Posted 25 Nov 2010 16:17 by
God of War has enjoyed direction from many different people over the years. Once a PlayStation 2 killer app (and one of the PS3's big hitters in 2010), Kratos' story of ultimate revenge took a journey on the PSP in 2008 with Chains of Olympus.

That game ended up becoming a huge deal for both the PSP platform and PSP owners around the world, easily becoming one of the biggest-selling titles on the handheld.

It made such an impact that developers Ready at Dawn decided to pack up its PSP development kits, believing it had pushed the platform as much as it could, and went off into the distance. Two years later, they're back with a PSP sequel, Ghost of Sparta.

In this interview, I chat with the Ready at Dawn studio head, Ru Weerasuriya, about the U-turn and his anticipation for feedback and comments. We also chat about David Jaffe and a few words that were exchanged...


SPOnG: So, what's the story with you guys not making any more PSP games?

Ru Weerasuriya: We sent our dev kits back. Honestly, after Chains of Olympus we thought we were done with the PSP because we had pushed it where we wanted to, and also I think there was... you know, you always try and compare yourself to other games out there. You try to figure out, “Okay, whose doing something better and can we do it better than them?”

You see that on PS3, you know: one game comes out and then another one... you know Call of Duty's coming out, and then Uncharted 2 comes out and you're like, “Okay, you've got to do better...” So there's always somebody doing better stuff.

So, at the time after Chains we were at the point where we felt, “Well, what else do we do?” We did everything we could have possibly done on the PSP and we don't know whether we could push it any further.

It took us a few months – I would say three, four months – before we really thought about it again and realised, “Yeah, you know there are certain places we could get to if we really pushed the tech. We actually could do something better." And in the end that's kind of the reason we went back to God of War. Because we knew that all the stuff that we couldn't do on the first one could be done again in the second one.

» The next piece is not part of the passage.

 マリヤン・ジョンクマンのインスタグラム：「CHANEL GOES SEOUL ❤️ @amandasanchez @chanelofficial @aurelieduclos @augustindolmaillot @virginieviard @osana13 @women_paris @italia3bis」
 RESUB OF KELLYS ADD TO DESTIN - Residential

As much as the first one was a learning experience, the second one could really be our chance to show what we were capable of. Not only on PSP but also as a God of War title that we could just have a lot of freedom with.


SPOnG: And what you’re showing me here - the Kratos screenshots and the cinematics - that’s all a part of the PSP hardware that you’re pushing right?

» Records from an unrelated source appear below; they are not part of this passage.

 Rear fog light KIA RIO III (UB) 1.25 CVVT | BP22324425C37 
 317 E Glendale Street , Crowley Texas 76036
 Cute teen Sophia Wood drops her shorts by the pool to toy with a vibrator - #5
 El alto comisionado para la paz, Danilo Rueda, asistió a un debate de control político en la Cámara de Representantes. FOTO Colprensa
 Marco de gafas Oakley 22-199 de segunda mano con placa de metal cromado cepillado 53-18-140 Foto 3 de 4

RW: What you're seeing right here are all PSP assets. That is the in-game Kratos model, everything all of this stuff is part of the whole game. And that's part of where we went from the first to the second one.


SPOnG: When you were at the stage when you thought "We're going to return all of our dev kits" do you think that you guys were the only ones who were pushing the PSP that hard? You obviously must have thought, "There's nowhere else to go from here..”

RW: Yeah exactly. In some ways we thought we'd done everything on the platform. Not to sound big-headed or anything, but that's one of the reasons we got a little bummed about it.

At the time we really felt like nobody else really wanted to push or, you know, had the desire to actually do more for the platform. And that bummed us out because we looked at it like, "Okay, this is going to be great, this platform is going to be awesome but if not enough people support it, it always is a hard fight to have. Competition's always good put it that way.


SPOnG: It's a bit of strange one really with the PSP because it's sold so many units - and is still selling very well in Japan - but in terms of mindshare, when people think about handhelds they don't think about the PSP an awful lot. Would you agree?

RW: I think the popularity of the PSP, it's good. I mean if you look at the sales world-wide, they're pretty good. But, at the same time, it's not as if there weren’t enough people on PSP. I think there have been a lot of games on PSP, which is one of the good things.

But I think at the same time people don't think about PSP the same way... because you don't have that core experience you expect from a powerful platform. I don't think that I expect a core experience from a Game Boy or a DS either. I do expect more of a casual experience, so something that I feel is more fun to play in small bursts.

The thing that people don't realise is that the PSP is capable of so much more. It's amazing. We've tried to prove it with what we've done, that platform is unbelievable, it's capable of replicating that home console experience. People didn't see that enough I think.